Before arriving in South Vietnam, the USAFSS had an opportunity to test this contingency plan during the Laotian crisis of early 1961. It did not work out very well.
The AFSS had been asked to support JTF-116. However, the JTF liaison lacked an understanding of SIGINT and did not grasp the operational requirements for immediate movement of the operational vans; only the transport of the AFSSO communications van was approved.” Specifications for the airlift of the entire CCU had been underestimated. The alert had gone out to AFSS personnel over the Pacific rim, who then found themselves in the limbo of hurry up and wait” as alerts went on and off as the situation in Laos fluctuated.
Among other problems, the long flight time needed to arrive at an orbit suitable to intercept the airlift communications cut down on actual mission time, while poor atmospherics often hampered VHF hearability. The handful of available aircrews took a pounding from the extended missions aloft and in a short time were exhausted.
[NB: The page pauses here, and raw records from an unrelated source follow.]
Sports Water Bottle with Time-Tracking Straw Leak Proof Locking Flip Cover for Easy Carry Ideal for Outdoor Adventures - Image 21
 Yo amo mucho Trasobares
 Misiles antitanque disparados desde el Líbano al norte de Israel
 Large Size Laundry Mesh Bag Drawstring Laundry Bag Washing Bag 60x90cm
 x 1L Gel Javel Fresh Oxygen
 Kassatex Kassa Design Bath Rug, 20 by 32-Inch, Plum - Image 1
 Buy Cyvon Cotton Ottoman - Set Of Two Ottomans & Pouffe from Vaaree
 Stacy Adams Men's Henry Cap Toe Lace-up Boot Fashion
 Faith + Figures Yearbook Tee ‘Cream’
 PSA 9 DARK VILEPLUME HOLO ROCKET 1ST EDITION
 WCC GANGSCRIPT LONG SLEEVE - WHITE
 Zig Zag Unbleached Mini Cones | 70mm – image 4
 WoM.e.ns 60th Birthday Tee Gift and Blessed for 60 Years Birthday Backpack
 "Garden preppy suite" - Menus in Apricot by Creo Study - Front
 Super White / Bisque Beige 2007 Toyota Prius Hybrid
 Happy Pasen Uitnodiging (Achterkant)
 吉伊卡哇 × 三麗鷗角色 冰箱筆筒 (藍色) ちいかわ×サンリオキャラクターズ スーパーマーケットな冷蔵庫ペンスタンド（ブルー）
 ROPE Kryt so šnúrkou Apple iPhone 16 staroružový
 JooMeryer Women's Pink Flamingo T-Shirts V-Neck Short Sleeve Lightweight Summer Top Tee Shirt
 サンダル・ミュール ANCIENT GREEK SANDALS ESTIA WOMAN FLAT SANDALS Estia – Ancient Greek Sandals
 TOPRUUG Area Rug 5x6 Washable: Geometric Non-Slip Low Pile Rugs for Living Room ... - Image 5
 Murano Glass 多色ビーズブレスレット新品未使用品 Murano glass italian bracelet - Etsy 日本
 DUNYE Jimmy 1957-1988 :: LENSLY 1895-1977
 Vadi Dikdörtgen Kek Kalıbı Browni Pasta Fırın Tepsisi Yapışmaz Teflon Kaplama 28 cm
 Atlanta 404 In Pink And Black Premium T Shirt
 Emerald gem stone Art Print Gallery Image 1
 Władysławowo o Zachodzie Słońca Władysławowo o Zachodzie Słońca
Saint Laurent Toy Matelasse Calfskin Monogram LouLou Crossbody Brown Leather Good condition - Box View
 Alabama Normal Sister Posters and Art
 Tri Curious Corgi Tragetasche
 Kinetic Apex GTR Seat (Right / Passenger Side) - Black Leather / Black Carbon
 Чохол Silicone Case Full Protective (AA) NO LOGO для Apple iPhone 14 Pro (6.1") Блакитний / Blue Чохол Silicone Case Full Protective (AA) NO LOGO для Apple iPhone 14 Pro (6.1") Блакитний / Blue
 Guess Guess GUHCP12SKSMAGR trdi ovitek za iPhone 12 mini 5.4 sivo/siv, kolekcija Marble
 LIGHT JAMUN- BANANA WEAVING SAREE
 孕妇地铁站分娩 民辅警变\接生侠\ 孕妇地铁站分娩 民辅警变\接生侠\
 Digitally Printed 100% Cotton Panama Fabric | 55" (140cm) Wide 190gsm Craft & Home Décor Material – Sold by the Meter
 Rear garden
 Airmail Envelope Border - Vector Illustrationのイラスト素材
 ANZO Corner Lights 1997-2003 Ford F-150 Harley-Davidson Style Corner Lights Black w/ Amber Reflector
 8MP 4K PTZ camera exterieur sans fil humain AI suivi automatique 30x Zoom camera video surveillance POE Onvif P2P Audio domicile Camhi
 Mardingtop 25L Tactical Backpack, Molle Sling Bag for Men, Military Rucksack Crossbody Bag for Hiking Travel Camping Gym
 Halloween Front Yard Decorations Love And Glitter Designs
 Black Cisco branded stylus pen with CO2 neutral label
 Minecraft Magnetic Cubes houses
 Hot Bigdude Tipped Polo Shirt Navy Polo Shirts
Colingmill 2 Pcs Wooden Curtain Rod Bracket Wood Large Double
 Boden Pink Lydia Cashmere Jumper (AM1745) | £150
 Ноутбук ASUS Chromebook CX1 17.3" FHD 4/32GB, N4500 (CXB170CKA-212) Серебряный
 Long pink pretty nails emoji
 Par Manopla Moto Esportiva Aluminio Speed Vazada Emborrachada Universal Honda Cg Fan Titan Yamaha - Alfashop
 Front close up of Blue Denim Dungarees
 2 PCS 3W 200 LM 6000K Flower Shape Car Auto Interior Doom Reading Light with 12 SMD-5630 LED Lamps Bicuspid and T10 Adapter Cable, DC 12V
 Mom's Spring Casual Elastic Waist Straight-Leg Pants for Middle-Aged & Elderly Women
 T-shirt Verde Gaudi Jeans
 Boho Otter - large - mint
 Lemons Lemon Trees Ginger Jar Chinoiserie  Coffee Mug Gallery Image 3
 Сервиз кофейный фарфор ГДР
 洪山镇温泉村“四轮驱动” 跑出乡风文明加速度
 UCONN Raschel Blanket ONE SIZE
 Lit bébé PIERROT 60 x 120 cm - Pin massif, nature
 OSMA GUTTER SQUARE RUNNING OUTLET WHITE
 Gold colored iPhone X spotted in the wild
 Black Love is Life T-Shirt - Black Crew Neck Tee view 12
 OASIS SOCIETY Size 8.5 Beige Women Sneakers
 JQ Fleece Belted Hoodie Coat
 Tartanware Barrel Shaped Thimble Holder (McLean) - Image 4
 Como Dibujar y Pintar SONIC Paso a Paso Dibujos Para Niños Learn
The air force was to learn, as it did later with the Hilo Hattie program in South Vietnam, that ACRP mission plans needed to be written with actual conditions in mind. [ — ]
On 20 December 1961, PACAF Advised [ — ] that it was sending a 350-man team to man to establish a Tactical Air Control System (TACS) under Project Barn Door to Vietnam. (Barn Door was an USAF project to upgrade the forward air control system (FAC) in South Vietnam.) This contingent included the CCU, which would be limited to fifty men. The following day, the wing advised PACAF that it would deploy one intercept van, one cryptanalytic van, one analysis van, one high frequency direction finding (HFDF) station, and a set of support vans and vehicles. At the same time. [ — ] advised PACAF that it was sending a communications van to Tan Son Nhut Air Base to support the AFSSO serving the USAF’s 2nd Advanced Squadron (ADVON). The wing also sent along additional intercept and analysis vans to Tan Son Nhiit in case there was an expansion of the mission. In large measure, the air force’s deployment matched the contingency plan it had written up the year earlier.
The mission for the CCU was to provide VHF intercept coverage of communist air forces operating in the area of western DRV and eastern Laos – where most of the communist air supply flights operated – and to alert the 2d ADVON [ — ] deploy to the region. In this, the CCU was heavily dependent on the USAFSS site in the Philippines for tip-offs to incipient communist flight activity.